Franchisees already in foodservice might be more amenable to the truly start-up concepts, however. A franchisee with a burger or chicken brand under the company portfolio can broaden his market reach by pulling in one of the new ethnic ideas. Those smaller brands might have only one store planned for that franchisee’s market area. While, in years past, one store would have been fine for most franchisees, the new wave of professional franchisees has built its future on building as many holdings as possible. They’re more interested in area development agreements.
Some emerging concepts are initiating their franchise phases from the outset as area development packages, Johnson says.
“Even a brand that has a good number of company stores is going to franchising more quickly than in years past,” Johnson says. “They think they can move quicker and need a faster growth model in 2007. Or else they have to have really deep pockets.”
Although the overall industry emphasis might be on large agreements and multi-unit operators, Tristano says the emerging concepts that abound now do offer chances for new franchisees to come into the market. They generally have simpler start-up requirements, and many are designed to go into strip malls and don’t have the complex real estate procedures that freestanding stores have.
“Many of them are indeed bringing new people into franchising,” Tristano explains. “Limited service is good for those who don’t want to be the big multi-unit operators. For some of these brands, there’s an aggressive franchising focus, but there’s also an easier entry point.”
Expected to be among the simpler food service franchise ideas is the meal-prep concept. Its initial franchising heavyweights are television actress Suzanne Somers, with Suzanne’s Kitchen, and Dinner By Design. Customers go to a local franchise kitchen to prepare their menu then take the meals home with them as ready-to-serve dinners. If time is tight, staff will prepare the meals for a pre-scheduled pickup time.
“It’s hard to say yet if it’s a fad or if it is indeed a trend that is here to stay,” Tristano says of the recent iteration of meal-prep concepts. “It gives people the idea that they are cooking for their families—you make the meals and take them home—and it is probably better than a lot of people are capable of.”

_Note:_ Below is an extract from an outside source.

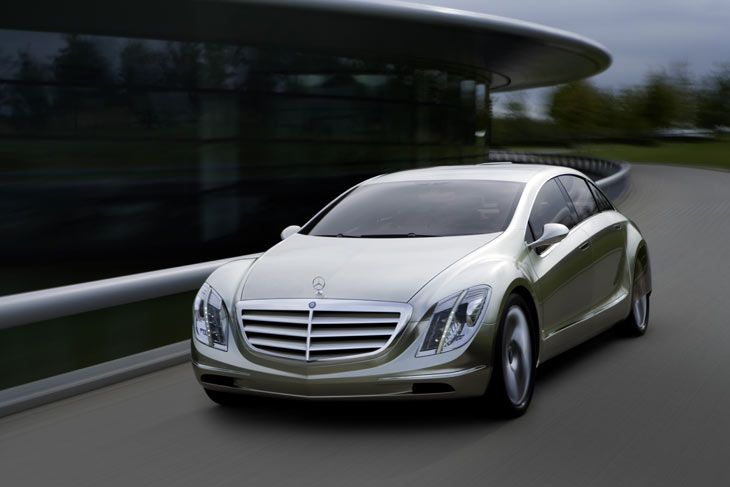 Mercedes F 700
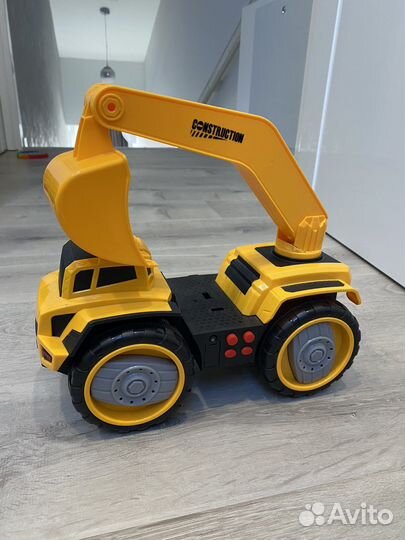 Детская машинка экскаватор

The West Coast, East Coast, and urban centers in the Midwest are the early hotbeds for the home-meal franchises, Tristano says. Initial reports show that they’re low-cost, easy to run, and the overhead is minimal.
Also to be watched are ideas that might be emerging in the U.S. but have solid roots abroad. Among the hotter concepts coming from overseas is wagamama, an Asian-inspired noodle house that first opened in London in 1992 and is scheduled to open its first North American store in Boston in April.
Those international brands are taking advantage of the current value of the U.S. dollar and are entering the market here as never before, Tristano says. They not only bring a different restaurant atmosphere to the U.S., they also bring added urgency to a franchising market that is already on a breakneck pace.
“In the 2007 marketplace, what’s driving concepts into franchising is the speed of the market.”